The Allahabad High Court while dismissing an application observed that criminal proceedings cannot be quashed on the basis of a lost cheque book.

A Single Bench of Justice Anish Kumar Gupta passed this order while hearing an application filed by Smt Pragati Kapoor.

The application under Section 482 Cr.P.C has been filed seeking quashing of the summoning order dated 07.02.2023 as well as entire proceedings of Complaint Case under Section 138 of Negotiable Instruments Act (N.I Act), 1881, P.S- Sahibabad, District-Ghaziabad.

Counsel for the applicant relying upon an intimation given to the SHO, P.S-Civil Lines, District-Moradabad submitted that a cheque book of account was lost by the applicant on 02.07.2022 for which a G.D entry was made.

He further submitted that the cheque in question is a lost cheque, which has been misutilized by the opposite party no 2 and the complaint case has been filed. Therefore, counsel for the applicant seeks quashing of the entire proceedings of the case.

Per contra, A.G.A for the State submitted that the said GD entry, copy of which has been annexed to the supplementary affidavit, there is no mention of any cheque number only general information has been given that the cheque book has been lost. Whether the cheque in question was the same cheque which was lost by the applicant cannot be deciphered from the aforesaid intimation given by the applicant to the police.

However, from the allegations made in the complaint, a prima facie case has been made out against the applicant as the signatures on the cheque are not disputed by the applicant, therefore, a presumption under Section 139 of the N.I Act shall be drawn against the applicant, therefore, merely on such averments made by counsel for the applicant, the proceedings cannot be quashed. It is for the applicant to establish that the said cheque in question was actually lost and was not issued by the applicant in discharge of any liability on his part, which can be done by the applicant before the trial court by leading cogent evidence.

Therefore, A.G.A submitted that no interference is called for in the matter while exercising jurisdiction under Section 482 Cr.P.C.

The Court observed that,

From the records of the case, it is apparent that it has been alleged in the complaint that in the month of April to June, 2021, the opposite party no 2 has advanced a sum of Rs 4,40,000/- to the applicant and when the opposite party no 2 asked for repayment of the same, the cheque in question of Rs 3,93,000/- dated 01.11.2022 was issued by the applicant. The said cheque was presented for encashment which was dishonored on 04.11.2022 with a remark “payment stopped by the drawer”. Thereupon, a legal demand notice was issued on 02.12.2022 which was not complied with by the applicant, therefore, the instant complaint case was filed by the opposite party no 2 on 23.12.2022. As per the allegations made in the complaint, a prima facie case has been made out against the applicant and the trial court has rightly summoned the applicant by order dated 07.02.2023. The Court does not find any illegality in the summoning order.

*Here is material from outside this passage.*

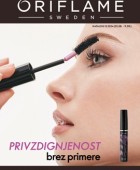 Oriflame katalog do 11.9.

However, the contention of the counsel for the applicant that the cheque in question was lost by the applicant, is a question of fact which can be determined by the trial court on the basis of evidence led by applicant, the court said.

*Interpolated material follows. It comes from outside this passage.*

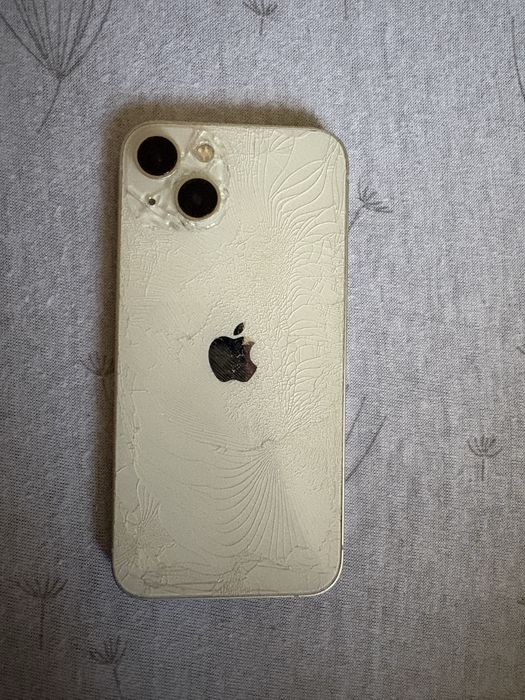 iphone 13  128Gb p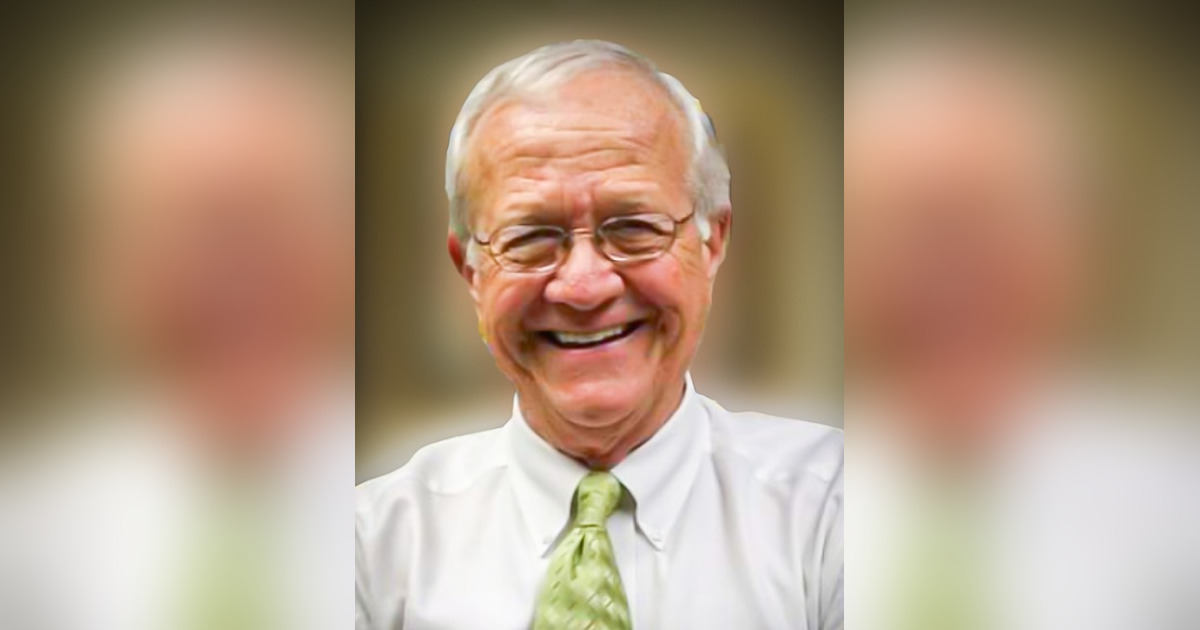 hayworth funeral home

“The intimation dated 06.08.2022 does not refer to any specific cheque number which has been lost by the applicant, only it has been narrated that the cheque book belonging to the account has been lost by the applicant. Therefore, it cannot be deciphered from the said intimation to the police whether the impugned cheque was actually the lost cheque or the cheque in question was issued by the applicant in discharge of his liability. Therefore, the Court does not find any good reason to entertain the application,” the Court further observed while dismissing the application.